Rio menggerakkan daun pintunya agar terbuka, tapi tak bisa karena Dina telah menguncinya dari dalam.

Sementara Cassie, mendengar pertengkaran orang tuanya malam itu. Cassie anak semata wayang dari keluarga Prawirodirjo. Papanya bernama Rio Ghani Prawirodirjo dan Mamanya bernama Dina Rahmadani.

Cassie terkejut saat kata cerai terlontar dari mulut Mamanya. Dia jelas mendengar kata itu, karena kamar Cassie tepat di sebelah kamar orang tuanya.

"Cerai?" gumamnya

Butuh tiga detik Cassie mencerna perkataan itu hingga akhirnya ia pun meneteskan air mata.

"Kenapa Mama dan Papa selalu ribut. Bukan hanya Papa yang kesepian. Aku juga....hiks," Cassie pun menangis.

Cassie berumur 17 tahun. Beberapa hari lagi dia genap berusia 18 tahun. Usia remaja yang sedang beranjak dewasa itu sedang membutuhkan peran kedua orang tuanya. Bukan menjadi korban anak yang Broken Home.

Gadis itu terus menangis, ia menutup wajahnya dengan bantal agar isak tangisnya tidak keluar.

Sedangkan dan Papa masih beradu mulut dengan Mamanya. Membuat pikiran Cassie berputar dan pusing. Sungguh ia tidak tahan dengan keributan yang terjadi di rumahnya malam itu.

Pukul sebelas malam, dimana mayoritas manusia sudah berada didalam mimpi. Tapi yang terjadi dikeluarga Prawirodirjo adalah pertengkaran dan perdebatan yang panjang.

Keduanya tidak ingin disalahkan, dan berambisius dengan argumennya masing-masing. Awalnya keinginan bercerai adalah keputusan sepihak dari Mamanya. Tetapi pada akhirnya sang Papa menyetujui perceraian itu.

Cassie keluar mencoba menghentikan pertengkaran kedua orang tuanya. Tetapi ia malah melihat adegan pengusiran.

Dina melemparkan semua barang-barang, termasuk pakaian yang sudah dimasukkan kedalam koper kearah Rio.

"Ini rumahku. Aku membelinya sebelum menikah denganmu jadi kau harus pergi dari rumah ini!" hardik Dina sembari terus mengeluarkan barang-barang suaminya yang lain. Lebih tepatnya mantan suaminya meskipun pengadilan belum memutuskan. Namun sang suami telah melontarkan talak tiga kepada istrinya.

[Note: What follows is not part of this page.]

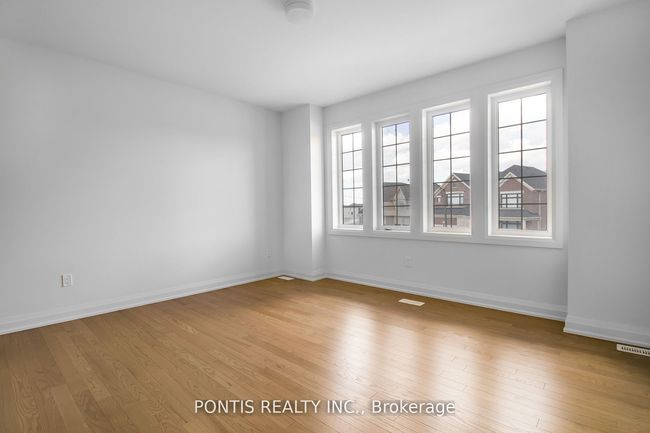 89 Marigold Blvd, House other with 5 bedrooms, 5 bathrooms and 4 parking in Tottenham ON | Image 4
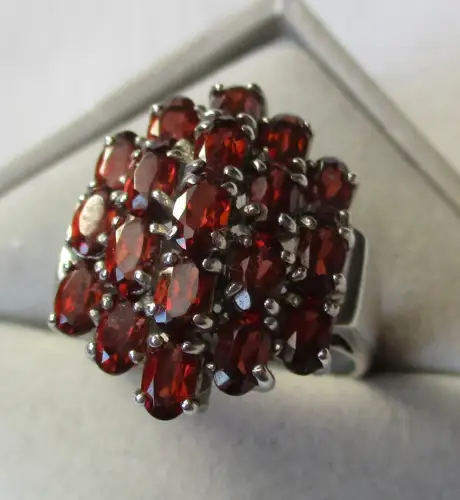 Ring 19 geschliffene Granaten 925 Silber rhodiniert Vintage 90er silver (163280)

"Diaaam!.....hiks...," teriak Cassie

Tiba-tiba susana menjadi hening.

Dina dan Rio menoleh kearah anaknya. Mereka lupa akan kehadiran Cassie. Sungguh miris, anak sendiri dilupakan.

"Tidak bisakah kalian membicarakannya dengan kepala dingin?" pinta Cassie sembari menangis dengan sedikit sesegukan.

"Percuma sayang, papa mu sudah menjatuhkan talak tiga pada Mama," jawab Dina berbicara pelan sambil mendekati anaknya.

Ia ingin memeluk Cassie, tetapi belum sempat hal itu dilakukan Cassie berlari kearah keluar menuju garasi tempat parkir mobilnya.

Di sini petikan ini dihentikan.